Sobre historias reinterpretadas, una metáfora aristotélica de Paul Auster y la vida que elegimos contarnos a nosotros mismos.
Do not say the moment was imagined
Do not stoop to strategies like this.
Leonard Cohen
We tell ourselves stories in order to live, lo dijo Joan Didion. No hay otra verdad como esta. Vivir tal vez sea sólo eso, contarse historias: tomar un suceso sencillo, cualquier acontecimiento que atravesamos –una mirada de reojo, una conversación inocente, una frase críptica susurrada al oído– y armar con todo ello un relato que abarque mucho más que la suma de sus partes, que se sostenga por sí mismo sin ayuda, que no requiera de la realidad para adquirir forma propia.
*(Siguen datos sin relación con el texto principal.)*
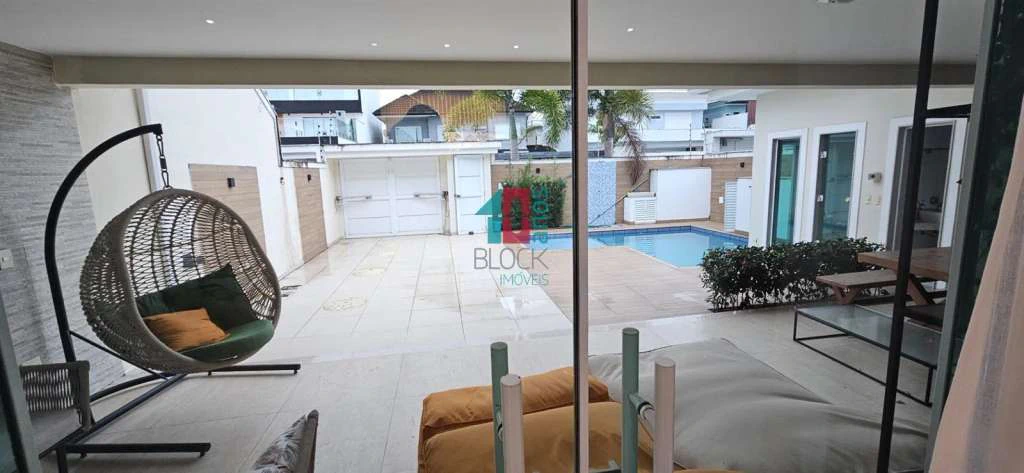Duplex house with 4 bedrooms and 3 en-suites, 289 m² — photo 10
Vivir: darle forma a un pájaro de papel que no necesite alas de carne y pluma para echar a volar por sí mismo. No existe una verdad única, da igual qué ocurrió realmente; importa sólo el comentario que le agregamos, sólo el relato que hilvanamos con tesón, paciencia e imaginación, la historia que creímos ver desplegarse ante nuestros ojos como una sábana tendida al sol se hincha bajo la caricia del aire y adopta formas casi reconocibles. Sólo así se vive, así se logra vivir: narrándose uno mismo la propia vida, erigiendo con palabras un castillo de naipes que comprende no sólo lo que hemos experimentado sino también la interpretación que hemos extraído de todo ello, el sentido que le hemos encontrado, cómo hemos moldeado aquello que nos ha sucedido. Vivir: no preguntarse nunca qué está ocurriendo en realidad; desechar cualquier cuestionamiento de veracidad, e inventar un relato a la medida de la propia esperanza.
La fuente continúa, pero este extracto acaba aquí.